Star

Nebula capabilities for deeply recursive queries

I have been working on a research tool for several years now and I keep running into database performance constraints. So far SQL common table expressions (SQL-Server) have given me the best performance, but it often takes over 30 minutes to process hierarchical data that is rather less challenging than I anticipate in production.

With high hopes, I have spent the last few months learning graph databases (JanusGraph with BerkeleyDB) only to discover that a query comparable to my 30-40 minute cte query, crashes after about 10 hours…

I asked about this on stackoverflow https://stackoverflow.com/questions/63112168/graph-database-or-relational-database-common-table-extensions-comparing-acyclic where the details of my of my use case are given.

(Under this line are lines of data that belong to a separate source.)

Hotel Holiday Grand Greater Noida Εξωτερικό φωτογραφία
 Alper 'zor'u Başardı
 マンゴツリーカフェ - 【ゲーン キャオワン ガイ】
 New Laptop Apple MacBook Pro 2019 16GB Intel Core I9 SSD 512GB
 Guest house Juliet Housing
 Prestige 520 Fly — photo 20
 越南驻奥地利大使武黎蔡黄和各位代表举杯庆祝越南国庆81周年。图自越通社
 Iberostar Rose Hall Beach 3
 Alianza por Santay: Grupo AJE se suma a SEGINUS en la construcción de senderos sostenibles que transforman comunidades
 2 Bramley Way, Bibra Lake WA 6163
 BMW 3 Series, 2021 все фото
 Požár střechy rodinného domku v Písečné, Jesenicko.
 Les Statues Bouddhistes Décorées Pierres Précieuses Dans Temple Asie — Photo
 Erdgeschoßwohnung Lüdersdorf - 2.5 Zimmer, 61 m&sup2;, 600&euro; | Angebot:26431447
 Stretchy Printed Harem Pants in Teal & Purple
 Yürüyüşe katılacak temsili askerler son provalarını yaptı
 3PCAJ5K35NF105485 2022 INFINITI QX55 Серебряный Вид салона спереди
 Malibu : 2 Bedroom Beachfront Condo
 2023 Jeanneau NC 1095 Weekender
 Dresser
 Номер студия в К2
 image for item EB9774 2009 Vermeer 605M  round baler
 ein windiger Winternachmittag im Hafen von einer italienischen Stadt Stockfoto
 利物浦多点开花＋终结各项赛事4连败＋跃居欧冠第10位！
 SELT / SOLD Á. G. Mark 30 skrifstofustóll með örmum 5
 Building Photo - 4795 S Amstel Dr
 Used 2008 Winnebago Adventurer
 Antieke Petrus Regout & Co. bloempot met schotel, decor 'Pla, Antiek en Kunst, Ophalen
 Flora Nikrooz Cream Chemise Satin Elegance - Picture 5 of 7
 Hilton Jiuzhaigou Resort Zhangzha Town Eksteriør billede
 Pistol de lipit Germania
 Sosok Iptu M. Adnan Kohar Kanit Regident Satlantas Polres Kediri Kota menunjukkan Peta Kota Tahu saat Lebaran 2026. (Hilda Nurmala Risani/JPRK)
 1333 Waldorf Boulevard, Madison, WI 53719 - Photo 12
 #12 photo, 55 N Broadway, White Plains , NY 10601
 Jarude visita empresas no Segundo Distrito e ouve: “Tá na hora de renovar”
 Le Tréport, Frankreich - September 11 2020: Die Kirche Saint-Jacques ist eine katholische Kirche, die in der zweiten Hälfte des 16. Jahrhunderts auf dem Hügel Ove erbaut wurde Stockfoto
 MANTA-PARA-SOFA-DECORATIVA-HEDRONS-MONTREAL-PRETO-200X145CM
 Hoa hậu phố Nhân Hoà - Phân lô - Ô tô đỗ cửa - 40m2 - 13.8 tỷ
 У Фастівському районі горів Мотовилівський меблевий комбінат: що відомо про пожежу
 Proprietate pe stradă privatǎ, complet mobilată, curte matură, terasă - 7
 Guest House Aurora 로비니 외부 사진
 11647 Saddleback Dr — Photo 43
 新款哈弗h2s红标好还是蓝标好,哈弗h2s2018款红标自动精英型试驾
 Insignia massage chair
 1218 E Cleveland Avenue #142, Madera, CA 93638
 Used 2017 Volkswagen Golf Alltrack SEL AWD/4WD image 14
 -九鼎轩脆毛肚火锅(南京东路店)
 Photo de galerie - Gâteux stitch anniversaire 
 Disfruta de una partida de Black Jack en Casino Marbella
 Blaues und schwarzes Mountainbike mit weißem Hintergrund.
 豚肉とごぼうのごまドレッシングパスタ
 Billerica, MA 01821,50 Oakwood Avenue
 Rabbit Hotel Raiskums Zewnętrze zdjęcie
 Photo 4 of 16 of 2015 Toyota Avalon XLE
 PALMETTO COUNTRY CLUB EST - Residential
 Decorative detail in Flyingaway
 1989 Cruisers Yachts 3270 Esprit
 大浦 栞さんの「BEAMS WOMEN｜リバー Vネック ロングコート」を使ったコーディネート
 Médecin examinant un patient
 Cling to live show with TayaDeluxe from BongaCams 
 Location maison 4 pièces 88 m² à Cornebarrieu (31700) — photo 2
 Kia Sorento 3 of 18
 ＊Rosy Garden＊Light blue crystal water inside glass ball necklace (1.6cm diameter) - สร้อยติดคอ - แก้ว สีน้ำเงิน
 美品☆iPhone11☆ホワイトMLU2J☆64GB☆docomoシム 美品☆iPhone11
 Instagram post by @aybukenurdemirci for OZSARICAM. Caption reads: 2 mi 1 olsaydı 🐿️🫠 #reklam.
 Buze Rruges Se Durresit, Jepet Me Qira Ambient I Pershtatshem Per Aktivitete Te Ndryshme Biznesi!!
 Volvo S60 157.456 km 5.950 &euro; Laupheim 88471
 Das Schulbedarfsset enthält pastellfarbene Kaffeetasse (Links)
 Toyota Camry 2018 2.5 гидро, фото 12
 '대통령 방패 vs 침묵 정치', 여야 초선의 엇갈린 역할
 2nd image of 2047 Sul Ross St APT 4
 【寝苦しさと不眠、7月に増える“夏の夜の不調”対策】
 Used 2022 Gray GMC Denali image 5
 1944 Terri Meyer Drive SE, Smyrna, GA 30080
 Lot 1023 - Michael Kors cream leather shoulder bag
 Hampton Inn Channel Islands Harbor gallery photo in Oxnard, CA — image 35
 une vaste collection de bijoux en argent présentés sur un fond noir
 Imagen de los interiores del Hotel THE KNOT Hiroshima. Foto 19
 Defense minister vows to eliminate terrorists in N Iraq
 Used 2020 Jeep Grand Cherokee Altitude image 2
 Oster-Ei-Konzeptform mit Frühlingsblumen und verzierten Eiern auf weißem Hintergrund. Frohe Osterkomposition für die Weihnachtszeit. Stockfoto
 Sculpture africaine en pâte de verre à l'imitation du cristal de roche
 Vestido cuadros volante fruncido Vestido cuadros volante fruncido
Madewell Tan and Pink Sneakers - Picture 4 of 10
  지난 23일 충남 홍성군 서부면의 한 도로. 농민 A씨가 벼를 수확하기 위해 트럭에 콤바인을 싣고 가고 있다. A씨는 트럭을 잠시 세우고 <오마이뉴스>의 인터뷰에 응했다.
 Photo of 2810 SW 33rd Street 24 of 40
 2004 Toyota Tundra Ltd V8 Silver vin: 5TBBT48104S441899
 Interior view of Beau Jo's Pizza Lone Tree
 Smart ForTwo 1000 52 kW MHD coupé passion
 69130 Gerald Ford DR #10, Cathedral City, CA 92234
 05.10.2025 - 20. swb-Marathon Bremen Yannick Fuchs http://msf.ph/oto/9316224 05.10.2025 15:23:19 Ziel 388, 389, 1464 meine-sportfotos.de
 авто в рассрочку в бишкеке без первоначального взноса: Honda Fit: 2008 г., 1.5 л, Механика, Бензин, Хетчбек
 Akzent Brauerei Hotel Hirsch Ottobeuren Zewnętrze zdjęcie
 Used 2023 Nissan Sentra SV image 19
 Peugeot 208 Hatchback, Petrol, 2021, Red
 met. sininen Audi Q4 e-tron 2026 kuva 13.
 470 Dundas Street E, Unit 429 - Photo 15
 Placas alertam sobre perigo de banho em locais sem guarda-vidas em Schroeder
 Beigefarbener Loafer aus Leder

Is it true that graph databases are not a good solution for my use case, or will Nebula Graph be orders of magnitude faster when the query language is updated to support the kind of query I will need to construct?

Thank you for your assessment.

1 Like

I think it depends on your recursive depth and how many data you will acquire. In general, Nebula Graph is way more friendly to BFS than DFS because of its storage format. In your case, Nebula need to go from vertex f, collect all its neighbors with a edge of specified type from f, and then go a step further. Since your query will get 500000+ edges, you need to take the memory into account. (JanusGraph crashed probably because of OOM).

Thank you for your prompt response.

My first concern is with the processing time. Even with no memory limitations, why do graph databases take so long to process “joins” when that is advertised as their forte? Why do relational databases appear to be so much faster?

Having a recursive depth that may extend beyond 30, and an eventual inter-related group size likely to exceed 6 million with attendent result sets of multiple millions, it would seem that memory is also a limiter. It was a memory error that crashed the test, but once it took longer than 30 minutes, it had already proven a loser to common table extensions!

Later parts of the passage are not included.